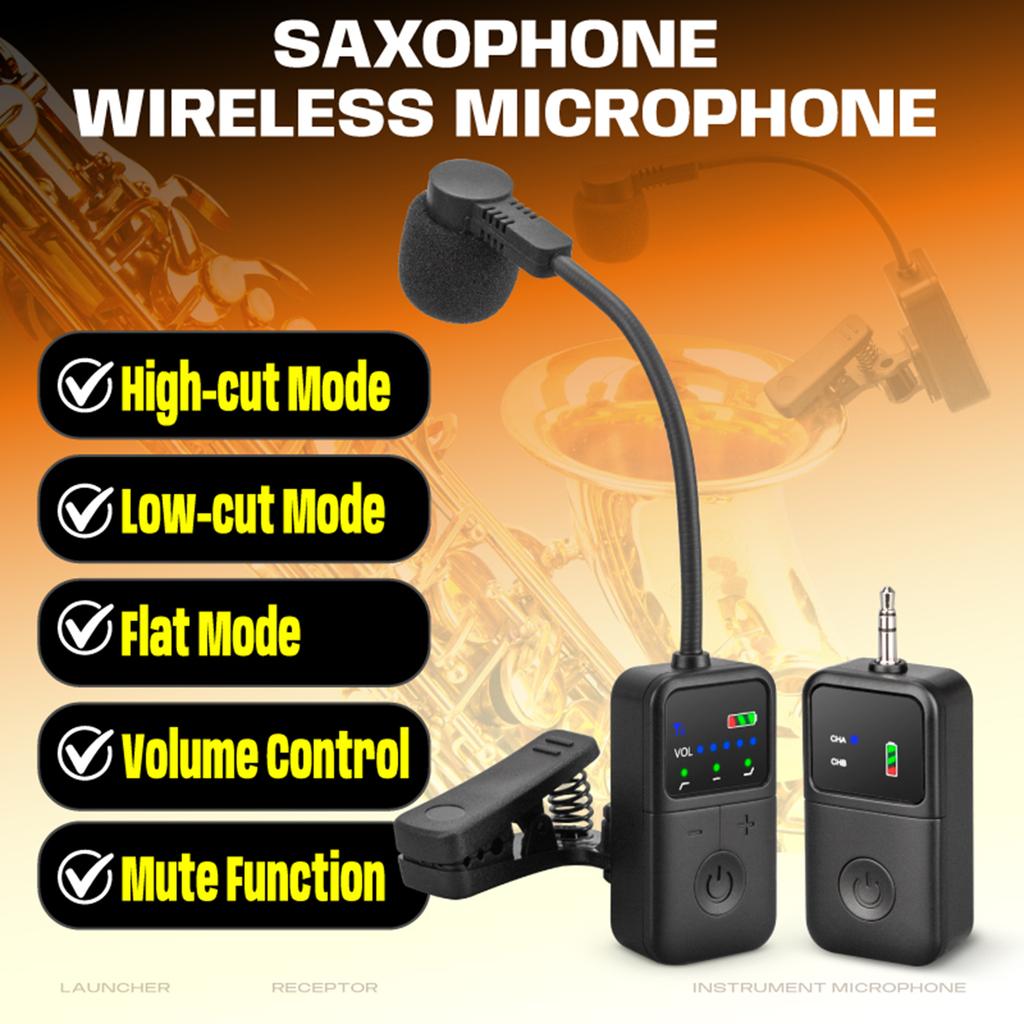 2.4GHz Wireless Sound Pickup Clip-on Instrument Microphone Clip Instrument Mic for Saxofone Professional Stage Performance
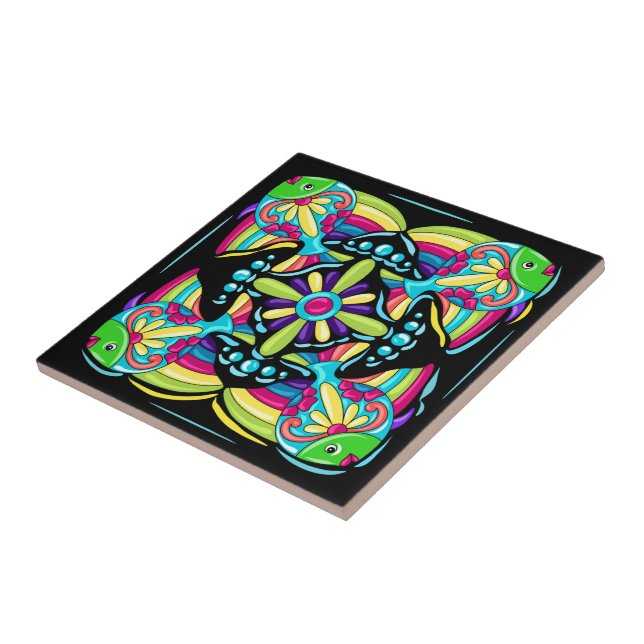 Talavera Fish Tile Design Kakelplatta (Sidan)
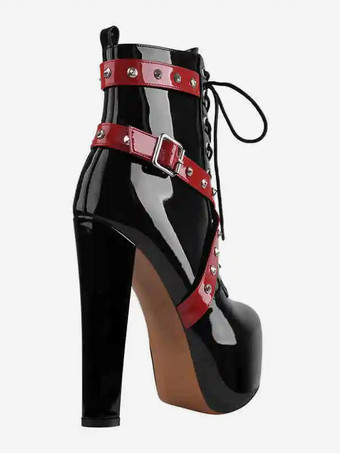 レディース ブラック リベット セクシー ブーティ プラットフォーム ラウンドトゥ チャンキーヒール アンクルブーツ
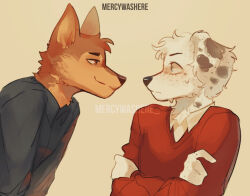 2boys animal_ears artist_name black_shirt brown_fur chase_(paw_patrol) commentary crossed_arms dog_boy dog_ears dog_nose english_commentary english_text floppy_ears furry furry_male highres long_sleeves looking_at_another male_focus marshall_(paw_patrol) mercywashere multiple_boys paw_patrol red_shirt shirt spotted_fur sweatdrop watermark white_fur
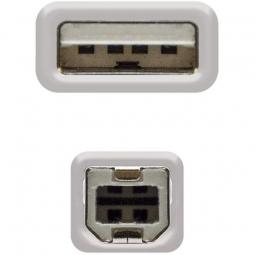 Cable USB 2.0 Impresora Nanocable 10.01.0103/ USB Macho - USB Macho/ 1.8m/ Beige - Imagen 4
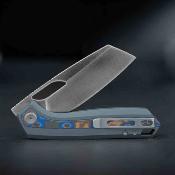 VOSA1813 Vosteed Kroc Ocean | Couteau Lame Reverse Tanto Acier S35VN Satin | Manche Gray Aluminum & Ocean Micarta Inlays - Livraison Gratuite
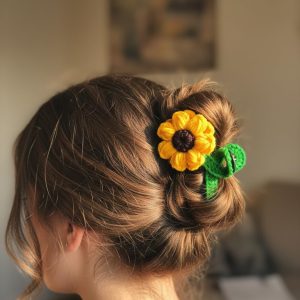 CRAFTED WITH PASSION Handmade Crochet Sunflower Hair Clip, Yellow and Green Yarn, Floral Design for Women
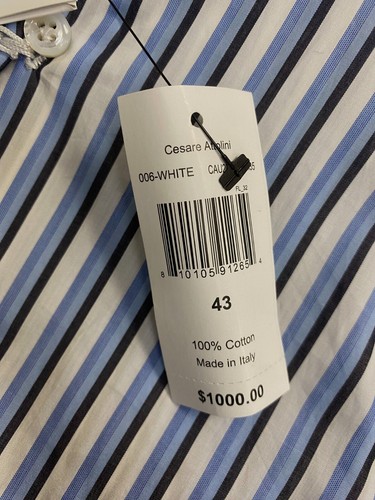 CESARE ATTOLINI NAPOLI $1000 CESARE ATTOLINI NAPOLI MEN'S BLUE STRIPED DRESS SHIRT SIZE 17 / 43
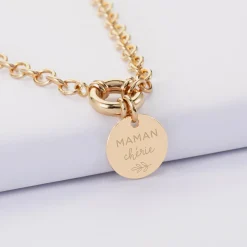 Collier personnalisé chaine fermoir marin médaille gravée plaqué or 15 mm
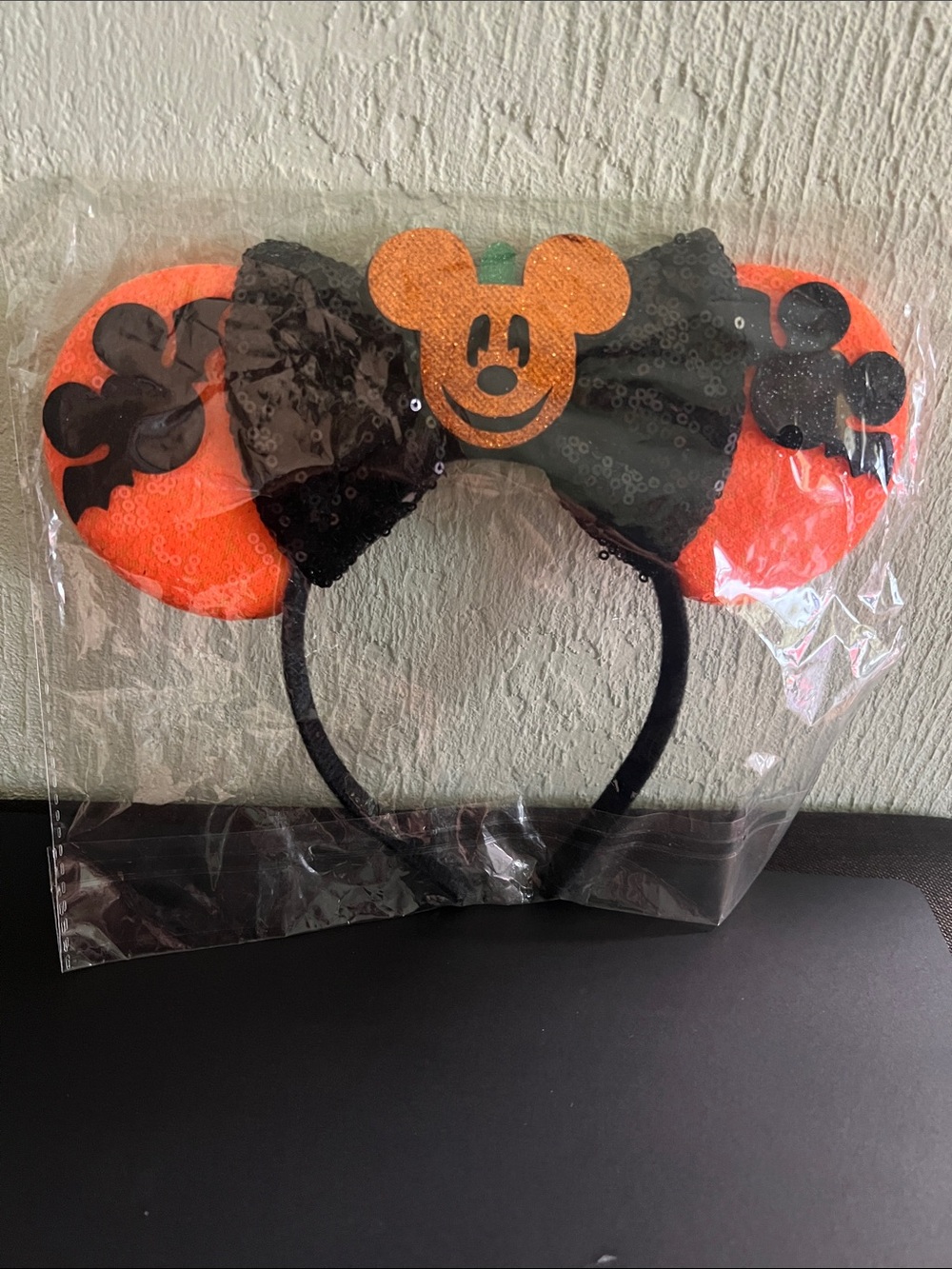 #2662**Mickey Mouse Halloween Bats & Pumpkin Headband - Orange & Black - Picture 3 of 17
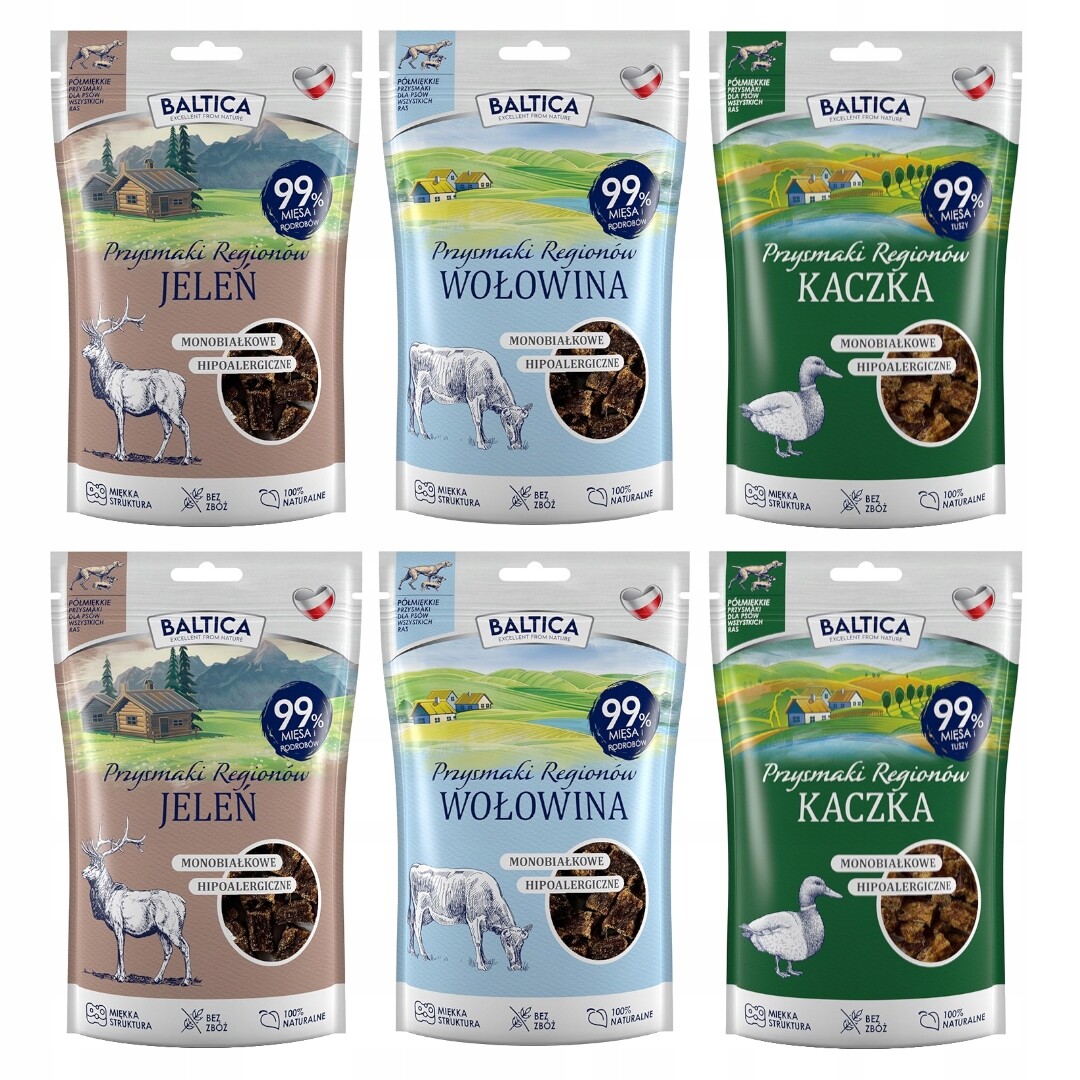 Baltica 6x80g Hypoalergenní Psí Pamlsek Hovězí jelen Kachna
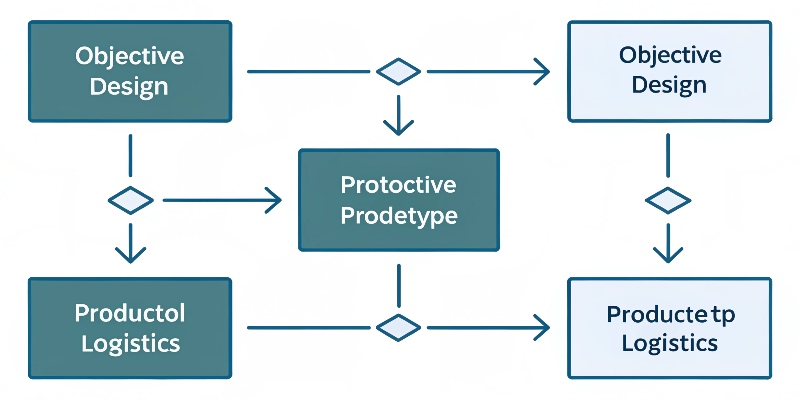 A flowchart showing 5 steps: Objective, Design, Prototype, Production, Logistics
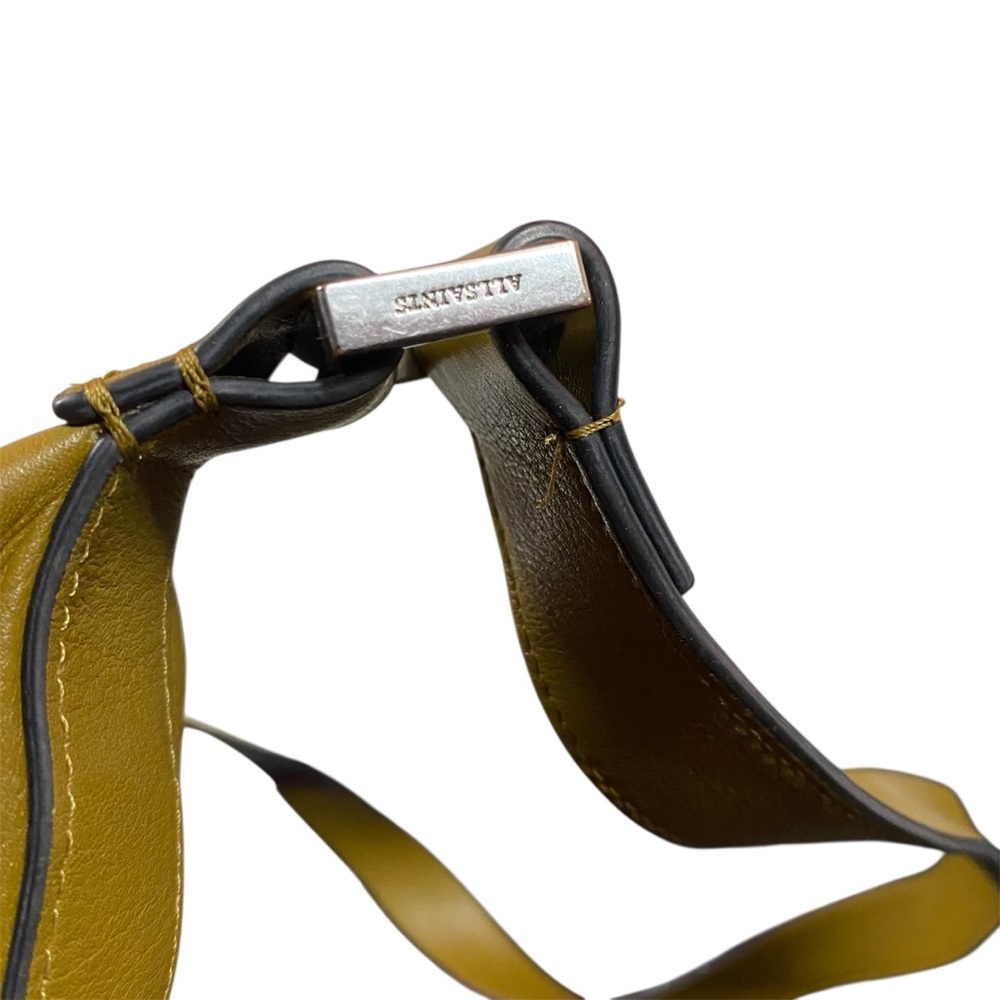 Allsaints Half Moon Leather Crossbody in Bronze Green with Silver Hardware - Picture 11 of 12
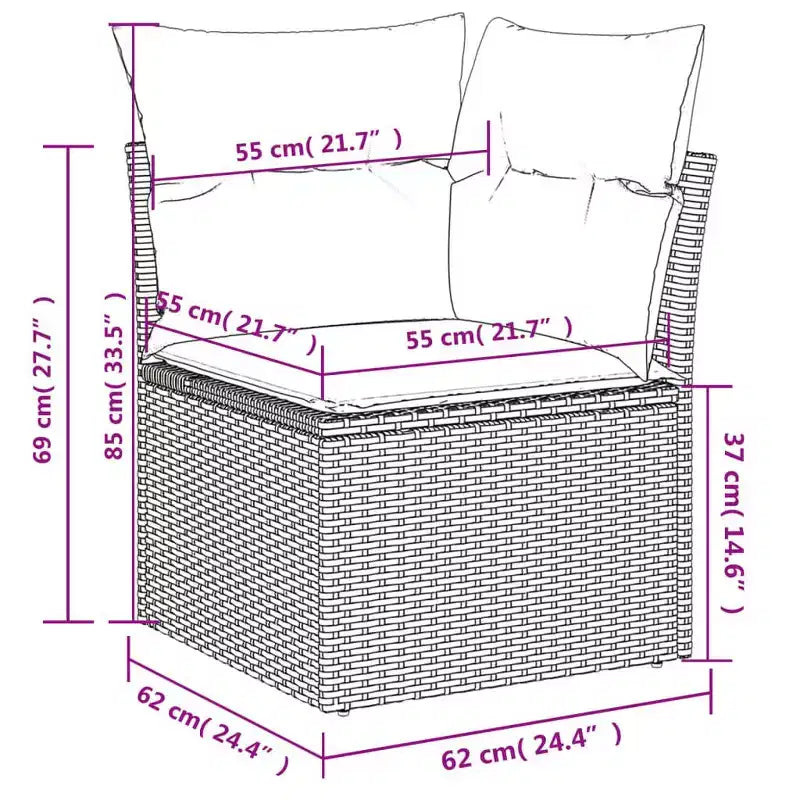 vidaXL Garden Sofa Set Black, Cream White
# # # #
REQUIRED WORK: Each record above goes into the copy word for word; the pictures do not.

OUTPUT OF THE EXERCISE:
 2.4GHz Wireless Sound Pickup Clip-on Instrument Microphone Clip Instrument Mic for Saxofone Professional Stage Performance
 Talavera Fish Tile Design Kakelplatta (Sidan)
 レディース ブラック リベット セクシー ブーティ プラットフォーム ラウンドトゥ チャンキーヒール アンクルブーツ
 2boys animal_ears artist_name black_shirt brown_fur chase_(paw_patrol) commentary crossed_arms dog_boy dog_ears dog_nose english_commentary english_text floppy_ears furry furry_male highres long_sleeves looking_at_another male_focus marshall_(paw_patrol) mercywashere multiple_boys paw_patrol red_shirt shirt spotted_fur sweatdrop watermark white_fur
 Cable USB 2.0 Impresora Nanocable 10.01.0103/ USB Macho - USB Macho/ 1.8m/ Beige - Imagen 4
 VOSA1813 Vosteed Kroc Ocean | Couteau Lame Reverse Tanto Acier S35VN Satin | Manche Gray Aluminum & Ocean Micarta Inlays - Livraison Gratuite
 CRAFTED WITH PASSION Handmade Crochet Sunflower Hair Clip, Yellow and Green Yarn, Floral Design for Women
 CESARE ATTOLINI NAPOLI $1000 CESARE ATTOLINI NAPOLI MEN'S BLUE STRIPED DRESS SHIRT SIZE 17 / 43
 Collier personnalisé chaine fermoir marin médaille gravée plaqué or 15 mm
 #2662**Mickey Mouse Halloween Bats & Pumpkin Headband - Orange & Black - Picture 3 of 17
 Baltica 6x80g Hypoalergenní Psí Pamlsek Hovězí jelen Kachna
 A flowchart showing 5 steps: Objective, Design, Prototype, Production, Logistics
 Allsaints Half Moon Leather Crossbody in Bronze Green with Silver Hardware - Picture 11 of 12
 vidaXL Garden Sofa Set Black, Cream White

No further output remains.